Thomas Arnold v. City of Stanley ( 2017 )


Menu:
  •                  IN THE SUPREME COURT OF THE STATE OF IDAHO
    Docket No. 43868
    THOMAS ARNOLD and REBECCA )
    ARNOLD, Husband and Wife,                )
    )            Boise, February 2017 Term
    Plaintiffs-Appellants,            )
    )            2017 Opinion No. 46
    v.                                       )
    )            Filed: May 12, 2017
    CITY OF STANLEY, a political subdivision )
    of the State of Idaho,                   )            Stephen W. Kenyon, Clerk
    )
    Defendant-Respondent.             )
    _____________________________________
    Appeal from the District Court of the Seventh Judicial District of
    the State of Idaho, Custer County. Hon. Alan C. Stephens, District Judge.
    The decision of the district court is vacated. This case is remanded to
    the district court with instructions to dismiss the petition for judicial
    review. Costs on appeal are awarded to Respondent.
    Greener Burke Shoemaker Oberrecht, P.A., Boise, attorneys for appellants.
    Thomas J. Lloyd argued.
    Moore, Smith, Buxton & Turcke, Chtd., Boise, attorneys for respondents.

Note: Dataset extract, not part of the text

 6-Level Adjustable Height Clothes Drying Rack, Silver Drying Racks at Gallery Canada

    Paul J. Fitzer argued.
    _____________________
    JONES, Justice
    I. NATURE OF THE CASE
    This appeal concerns whether the Stanley City Council (the “Council”) erred in denying a
    building permit application submitted by Thomas and Rebecca Arnold (the “Arnolds”). The
    Arnolds proffered several arguments on appeal asserting that the Council erred in denying their
    building permit application; however, we need not address those arguments because the
    Council’s denial of the building permit application is not subject to judicial review.

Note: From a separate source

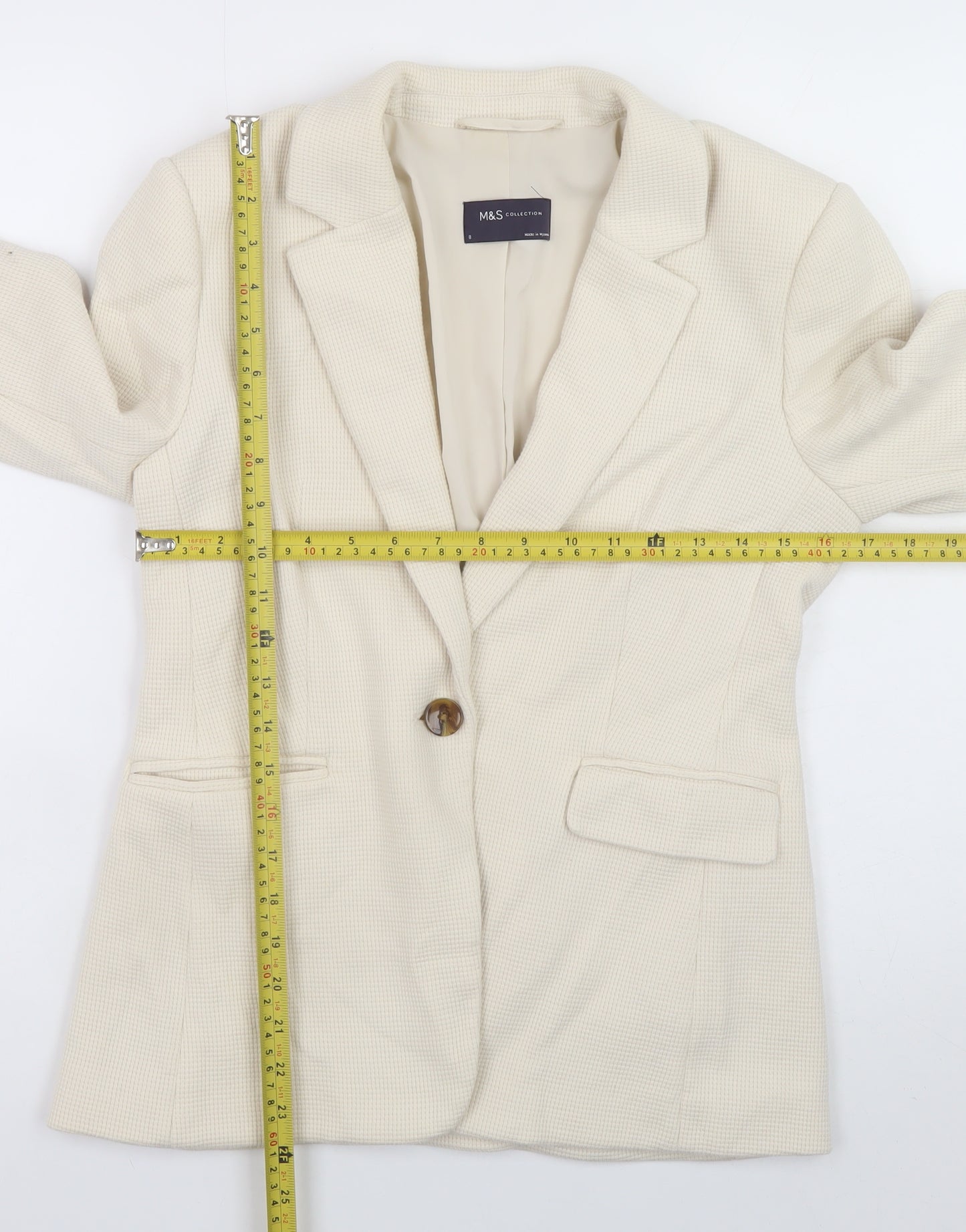 Marks and Spencer Women's Beige Size 8 Cotton Blend Blazer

    II. FACTUAL AND PROCEDURAL BACKGROUND
    1
    The Arnolds own property in Stanley, Idaho (the “Property”). They developed the
    Property with approval from the Council via a series of development permits, the first of which
    was granted in 2004. The Council approved a subdivision plat (the “Plat”) for the Property in
    2007. According to the Plat, the Property was divided into six lots and two parcels. The building
    permit application at issue sought approval to build an access road from Lot 5 of the Property to
    an adjacent street.
    From 2009 to 2011, the Arnolds and the City of Stanley (the “City”) were involved in
    litigation concerning certain building permits related to the Property. The litigation resulted in a
    settlement agreement, which provided that the City would reissue a previously approved building
    permit. The reissued building permit was set to expire on May 12, 2014. In December 2013, the
    Arnolds applied for another building permit (“Permit Application 831”) to replace the permit that
    was set to expire. According to the Arnolds, Permit Application 831 was only necessary because
    the previous permit could not be renewed.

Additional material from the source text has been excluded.